(Items listed in a dataset)
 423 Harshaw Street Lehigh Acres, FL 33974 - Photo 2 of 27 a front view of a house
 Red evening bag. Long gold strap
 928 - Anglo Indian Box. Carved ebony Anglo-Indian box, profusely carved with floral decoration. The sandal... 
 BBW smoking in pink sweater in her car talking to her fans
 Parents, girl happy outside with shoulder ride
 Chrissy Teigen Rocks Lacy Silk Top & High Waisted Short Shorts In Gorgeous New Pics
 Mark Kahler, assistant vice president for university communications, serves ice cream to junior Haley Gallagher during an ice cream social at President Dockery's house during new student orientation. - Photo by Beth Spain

== Assigned task ==
Find the line containing "BBW smoking in" in the data above. Please transcribe it and every line after it, exactly.

== Answer to the problem ==
 BBW smoking in pink sweater in her car talking to her fans
 Parents, girl happy outside with shoulder ride
 Chrissy Teigen Rocks Lacy Silk Top & High Waisted Short Shorts In Gorgeous New Pics
 Mark Kahler, assistant vice president for university communications, serves ice cream to junior Haley Gallagher during an ice cream social at President Dockery's house during new student orientation. - Photo by Beth Spain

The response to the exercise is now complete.